### WHAT IS REQUIRED
Where the data below contains pictures, omit them; output the rest word for word.

### COLLECTED MATERIAL

= = = = =

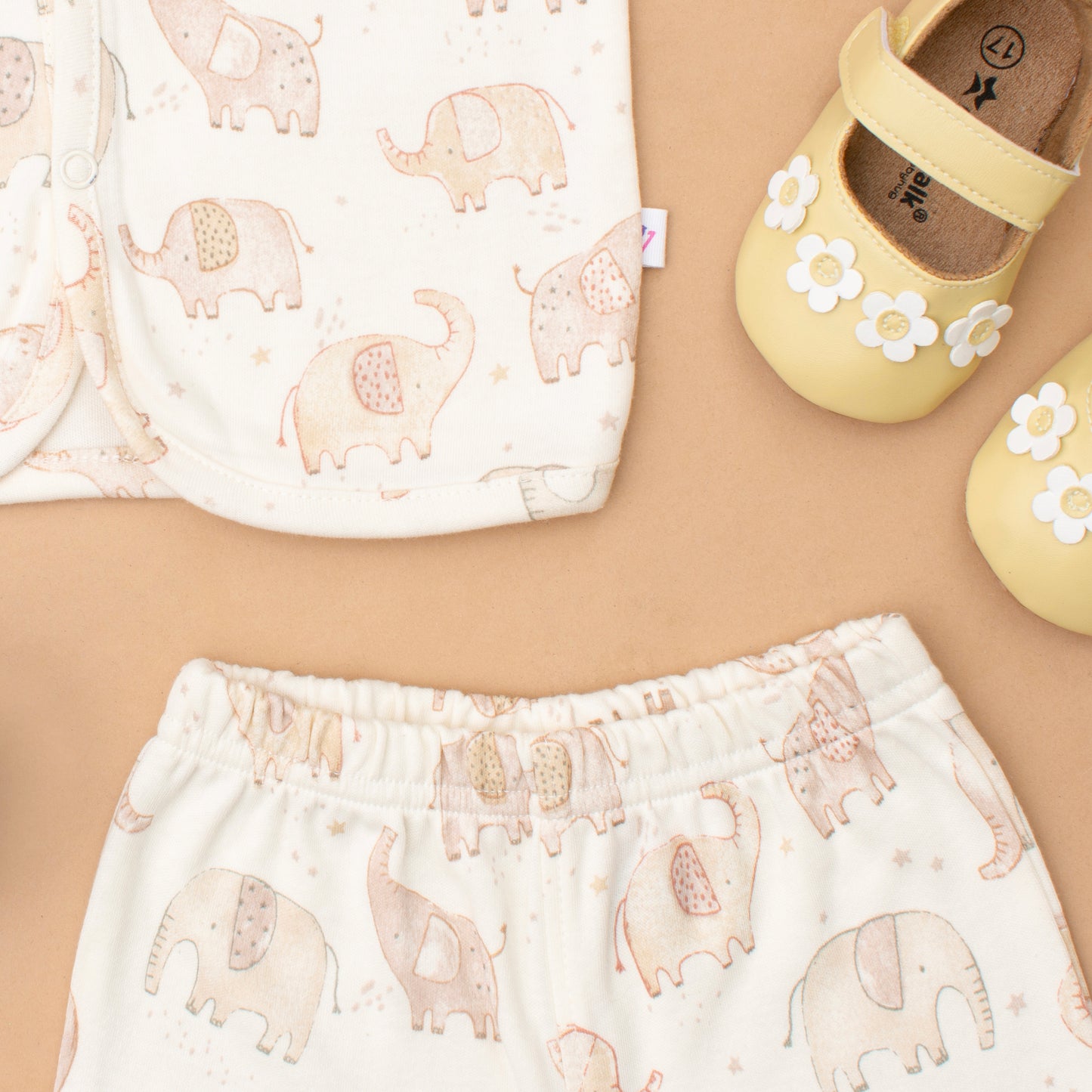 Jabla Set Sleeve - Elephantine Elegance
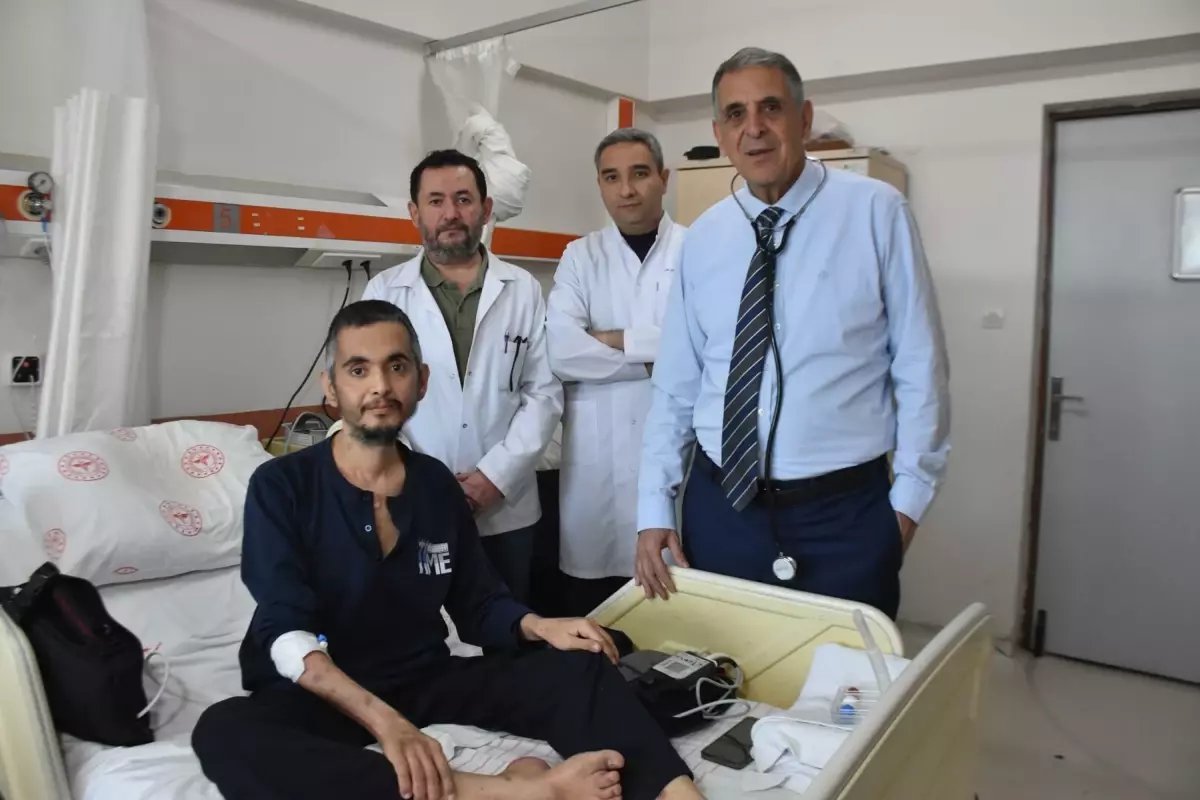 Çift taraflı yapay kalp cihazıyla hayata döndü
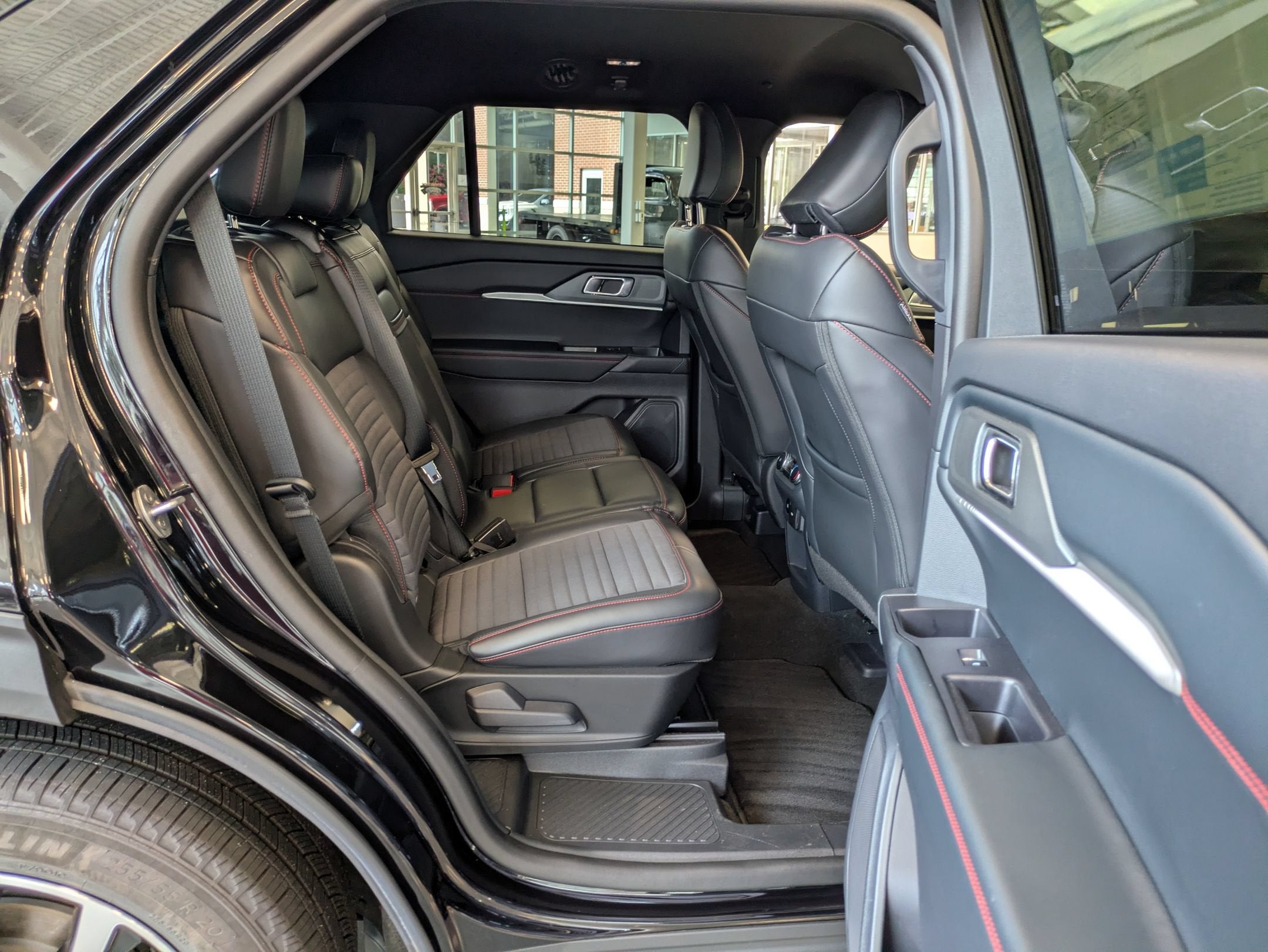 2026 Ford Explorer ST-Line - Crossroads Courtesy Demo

= = = = =

### WRITTEN SOLUTION
 Jabla Set Sleeve - Elephantine Elegance
 Çift taraflı yapay kalp cihazıyla hayata döndü
 2026 Ford Explorer ST-Line - Crossroads Courtesy Demo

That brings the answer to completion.